2009年8月8日土曜日

Amália Rodrigues


親が持っていたコレクションのより以前拝借してきたレコードの中にAmália Rodriguesのものがありました。その中のBarcoNegroという曲にポルトガルらしさを感じます。

Amaliaは"Rainha do Fado" ("Queen of Fado")として人々の間で賞賛を受けていたファドの女性歌手で、全世界にそのジャンルを広めた人物。ファドというジャンルについてや、ファドの女性歌手はどうあるべきかなどを綴ったfadistaについての著書も残しているそう。その内容についても調べてみたいです。




2009年8月7日金曜日

バルセロスのガロちゃん


ポルトガルの土産品に「鶏」・・・。なぜ「鶏」か分かりました。それをメモしておきます。

ポルトガルの雄鶏「gallo=ガロ」は「真実の証、バルセロスの雄鶏」として知られている。バルセロスは地理上ではポルトの上部、ミーニュ地方にある。

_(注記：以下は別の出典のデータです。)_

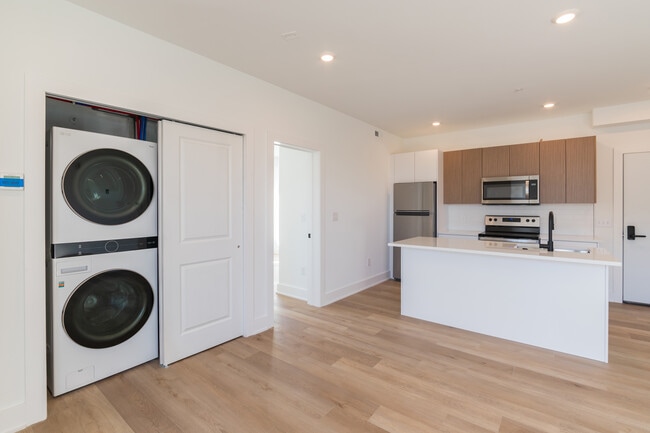 Building Photo - 5900 Germantown (The Premiere)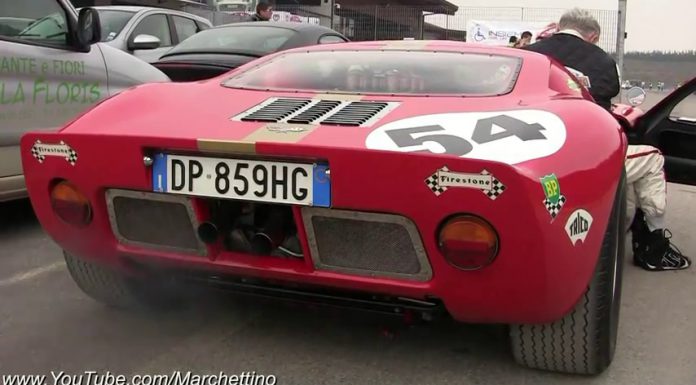 Video Brutal Exhaust Sound of a Ford GT40! 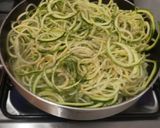 Foto del paso 3 de la receta: Spaghetti de zapallo italiano con callampas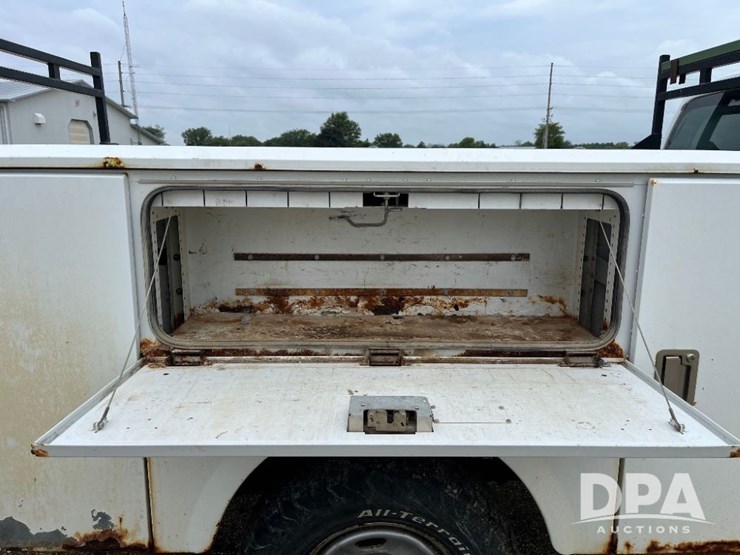 2012-ford-f350-image-29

バルセロスという町はその昔からポルトガルからサンチアゴ巡礼をする時の中継地となっていて、「ガロ」がそのような意味で認識されるようになったのもその巡礼と関連しているそうで、その話は16世紀に遡る。

ある日バルセロスに一人のガリシア人が通りかかり宿をとるが、その当時町で横行していた盗みの犯人として逮捕される。男は無実を訴えがとうとう絞首刑を言い渡されます。

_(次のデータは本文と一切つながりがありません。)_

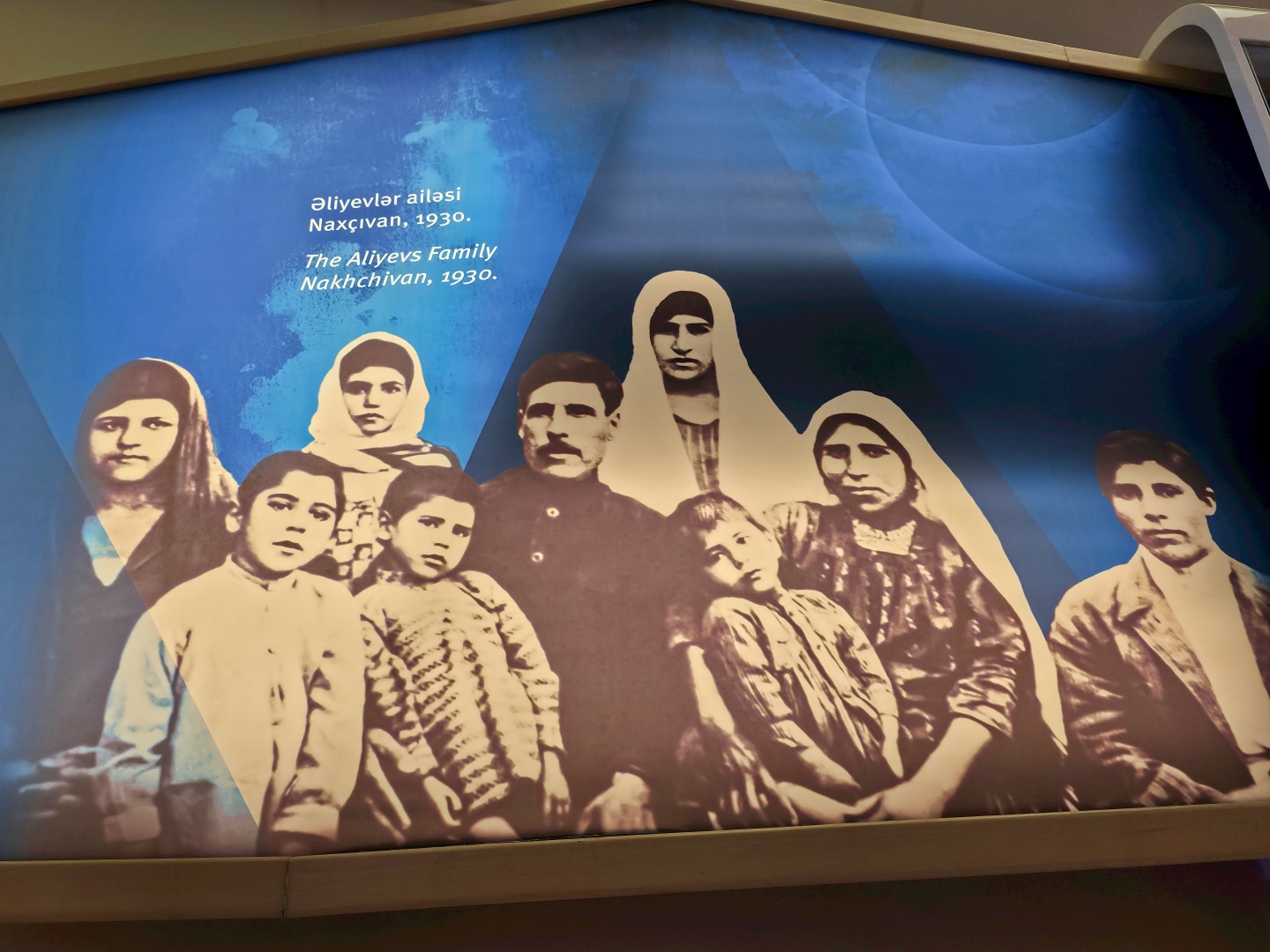 Heydar Aliyev Center_muzeum (003)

男は最後の願いとして自分にその判決を言い渡した裁判官を訪ねたいと言います。宴を開いていて町の名士たちと集っていた裁判官に男は再度自分の無実を訴えますが誰も信じる者はいなかった。

テーブルの上に載せられている丸焼きの雄鶏のご馳走を目にした男は「明日の朝、刑に処せられる時、わたしの無実の証として、この丸焼きの雄鶏が鳴きだすだろう」と言った。これを聞いて人々は大笑いしていたが、そのご馳走に手をつけないで明朝まで置いておくことにします。

翌朝の処刑時間、テーブルに載っていた雄鶏が起き上がって「コケコッコー!」と鳴いた。裁判官は男の潔白を悟り、改めて無実の判決を下した。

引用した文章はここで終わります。